On connaît « Sylvo » comme professeur de dessin, très jeune, à l’Institut Français de Ouagadougou entre autres places, et pour ses premières œuvres « osées » exposées à la Villa SIKANDRA au début des années 2000s.

« Osées » parce que cet artiste a été d’emblée « violemment » sincère et engagé dans l’expression de ce qu’il ressent de la société qui l’entoure : vécu spirituel, rapport sensuel au corps - sans tabou, violence de l’establishment et de l’impérialisme politiques (assassinat de Gaddafi etc.), émergeant de supports de textiles imprimés ou de nattes tressées plutôt que de toiles académiquement encollées. Les performances, les détours par le théâtre (inspiré par son frère Paul ZOUNGRANA, acteur et metteur en scène) l’ont aidé à tromper son ennui des conventions artistiques.

Après s’être interrogé longtemps sur l’absence de marché des Arts Plastiques au Burkina Faso, sur les expositions qui tournent de plus en plus « à vide » entre acteurs du secteur sans aucun signe d’intérêt de la part des intellectuels et entrepreneurs de la place, Sylvo innove de façon magistrale au Kunstraum226 de Paspanga avec une installation remarquable : « JEUX D’ECHANGES, JEUX  DE SOCIETE».

En dialogue avec les partenaires du Goethe-Institut, KY Siriki, BARRY Alcény, l’artiste s’est immergé dans l’environnement socio-économique, s’est interrogé et a nourri sa création artistique en sens sociétal : la réalité de la survie économique dans l’informel, avec ses solutions de microfinance…

Une salle pour le jeu où les visiteurs peuvent se prêter aux actes d’échanges, suivie d’une salle dédiée aux petits achats où l’art (des dessins de Sylvo) est à vendre au milieu de noix de cola, de bouteilles d’huile rouge, de petits sachets d’arachides, de bananes séchées.

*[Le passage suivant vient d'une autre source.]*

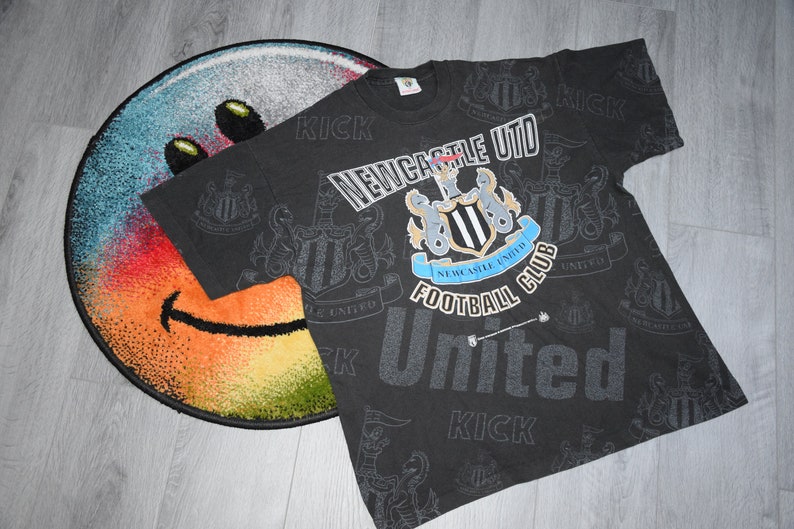 K&ouml;nnte beinhalten: Schwarzes T-Shirt mit einem sich wiederholenden Muster des Logos des Newcastle United Football Club und den Worten "Kick" und "United".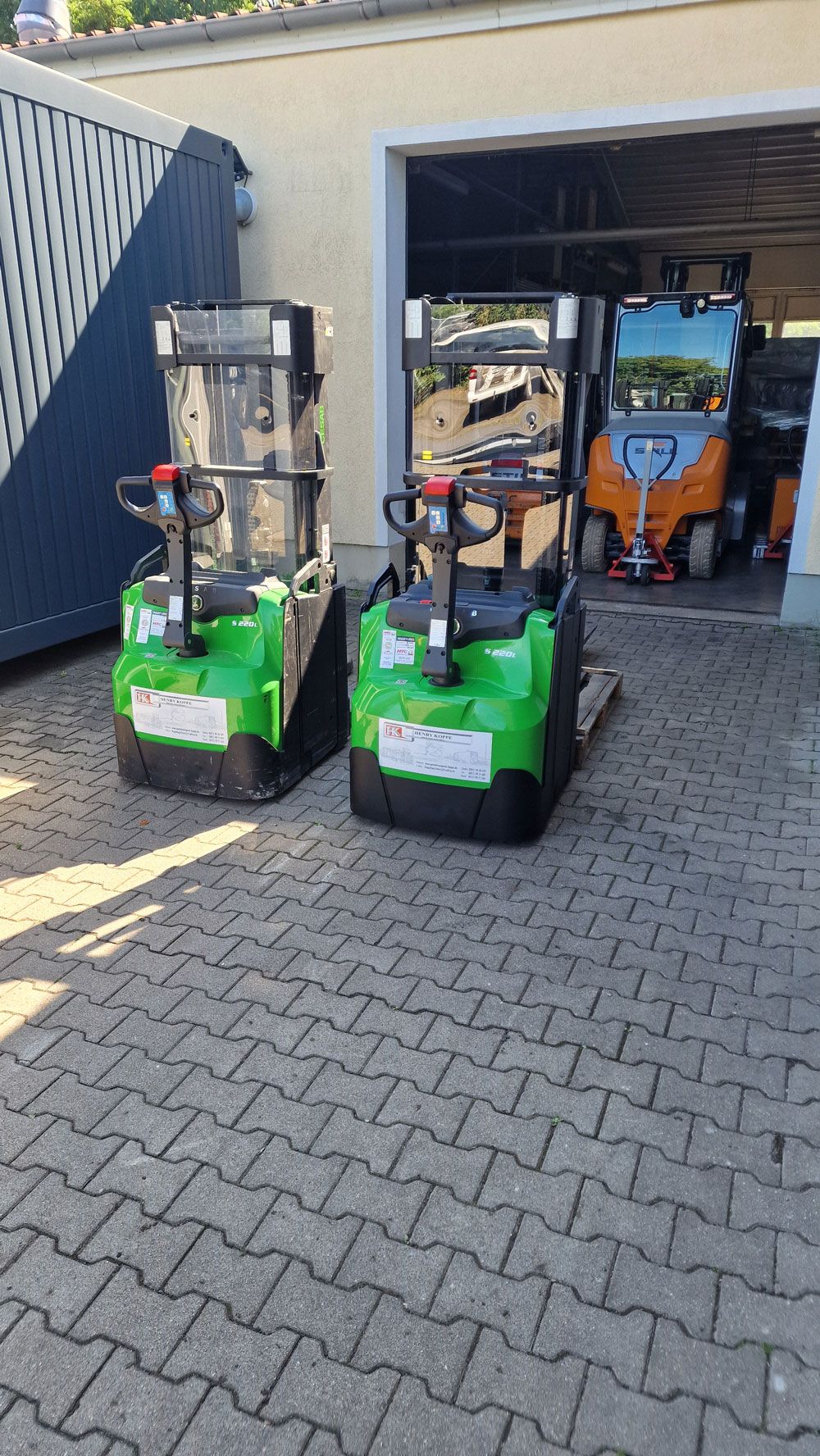 Zwei grüne elektrische Hubwagen stehen auf einer gepflasterten Fläche vor einer Garage; im Hintergrund ist eine weitere Maschine zu sehen.
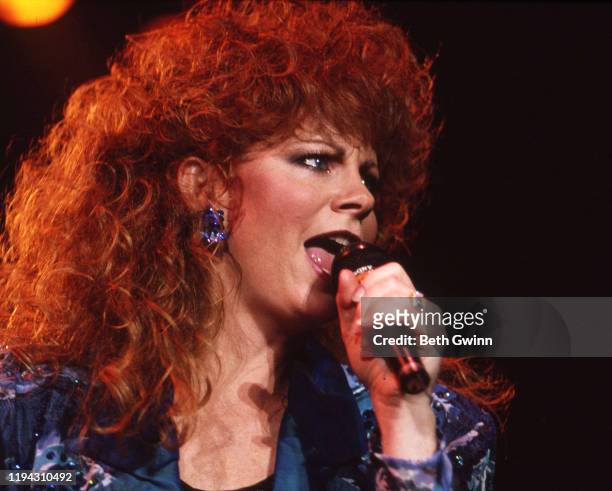 Country Music Singer Songwriter Reba McEntire preforms on August 24, 1990 Nashville, Tennessee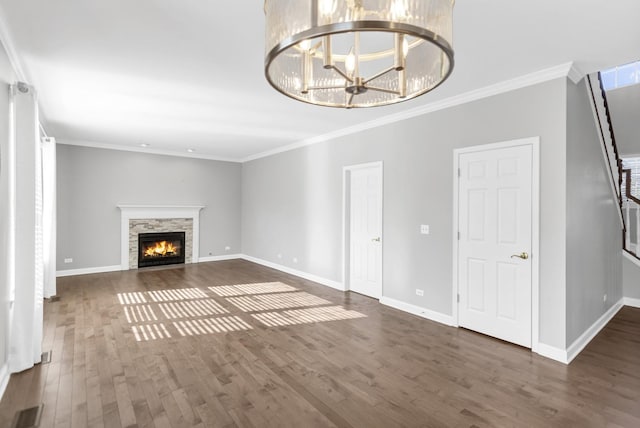 unfurnished living room featuring visible vents, baseboards, wood finished floors, and ornamental molding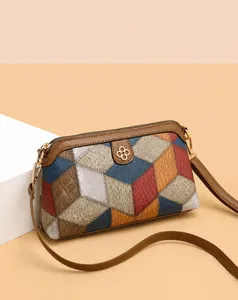 Detail view of colorful geometric patchwork crossbody bag with metallic clover ornament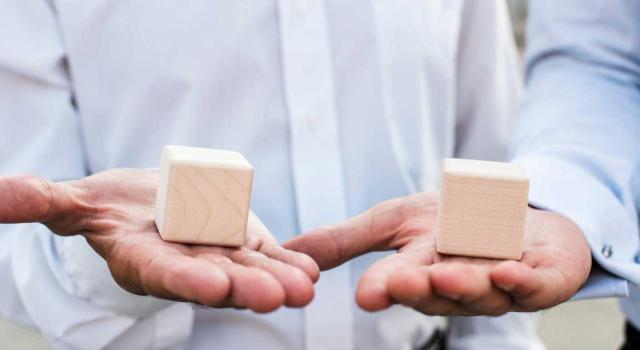 La responsabilidad tributaria subsidiaria se extingue por el fallecimiento del responsable, su naturaleza sancionadora impide la transmisión mortis causa a sus herederos. Imagen de las manos de un hombre con un cubo de madera en cada mano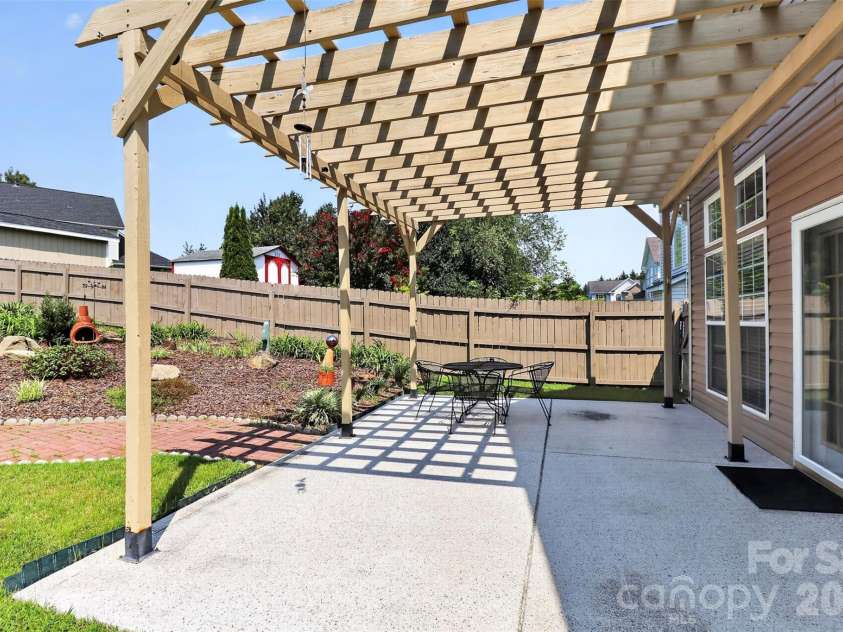 14642 Hawick Manor Lane, Pineville, NC 28134.  MLS# CAR4414256, YatesRealty ID 44101. Patio with pergola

Les personnages sont peints en monochrome brun directement sur les murs blancs de l’espace, en « ombres » anonymes, alors que les meubles et objets à vendre qui portent le propos artistique sont réels.

Nous avons là une vraie création artistique, susceptible de faire vibrer et de nourrir l’imaginaire de tout un chacun pour peu qu’il soit curieux.

Et il s’agit bien d’une œuvre qui va être effacée, qui n’est pas à vendre, qu’on ne peut pas acheter…quand le propos se décline en actes marchands. Ceci est un défi à ceux qui se détournent de ce travail pour un marché touristique ou occidental. Il montre autrement ce qui nous entoure et à quoi on ne prête pas attention : ces personnes-ombres dont on ne voit que les marchandises.

L’artiste témoigne et appelle à ouvrir les yeux sur une part de la société qui l’ignore lui-même.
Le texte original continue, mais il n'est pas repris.